Fortunately for them, one player’s team didn’t show, and he joined their team. The three of them, called the “Unsupervised Leopards” won “Best Data Preparation” of all seventeen teams and three awards. In the judges’ eyes, the team used the data to reveal new and impressive findings.
The competition, which took place at the beginning of April, required teams made up of three to five students to analyze huge data sets and “try to find an interesting story in that data,” Draves said.
The data comes from a large company, and the company is not disclosed until all DataFest competitions are finished. Last year’s company was Ticketmaster, according to Arfin. Teams are given 48 hours to complete their work and turn it into the judges’ panel. The team slept for six or seven hours a night and then worked straight through the day.
Spending 48 hours with a new team member, Tiger Huang from Wesleyan University, worked out well, Draves said, because he brought a different skill set and together they were able to combine their knowledge.

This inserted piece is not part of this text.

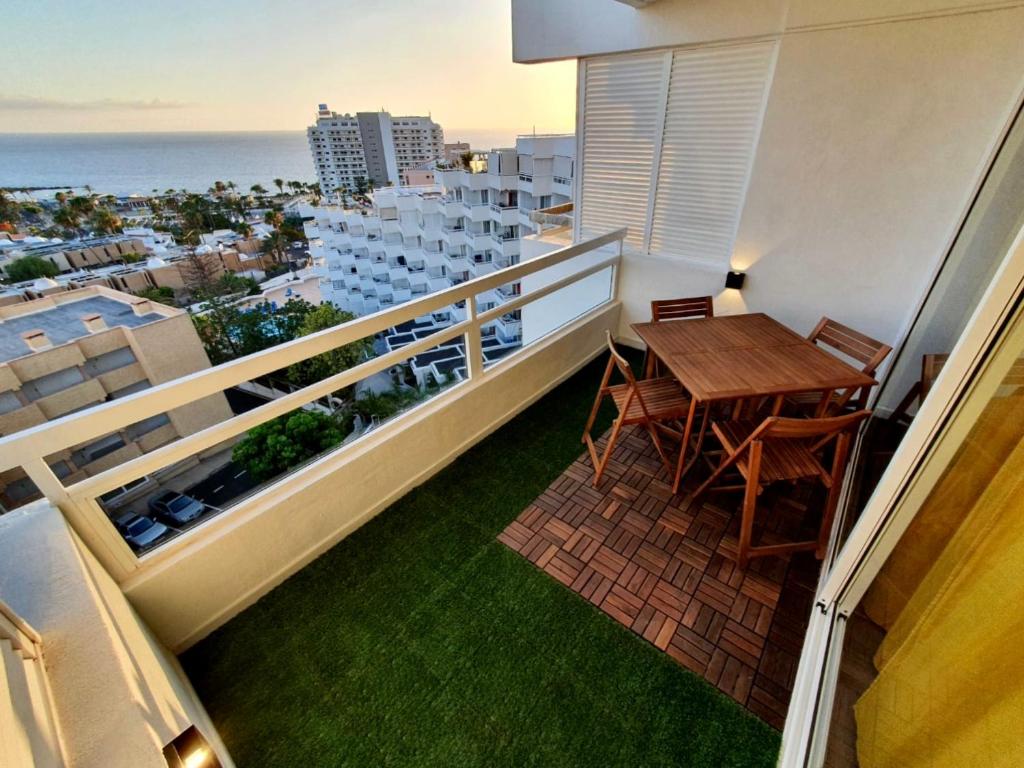 Fotografie z fotogalerie ubytování Stonefall Tenerife Holiday Apartment Las Americas v destinaci Playa Fañabe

Draves and Arfin became interested in working with data their freshman and sophomore years, respectively. After taking probability and statistics courses, both Draves and Arfin did separate research projects, and “that was about the time we both decided we wanted to get a graduate degree in statistics,” Arfin said.
“So we’ve been spending the last few years really working on these skills,” Arfin added. The math department suggested that they go to the competition and funded the three-day trip.
The 48-hour event required the boys to buckle down.
“There’s a lot of stuff that is kind of progressive in nature,” Draves said, “so you have to solve the first problem and then after that’s done, you can move onto problem two, after that’s done you can work on problem three. So it wasn’t like we could just throw something into the computer and then go work on something else, we had to spend a lot of time just working sequentially, which put a lot of time pressure on us.”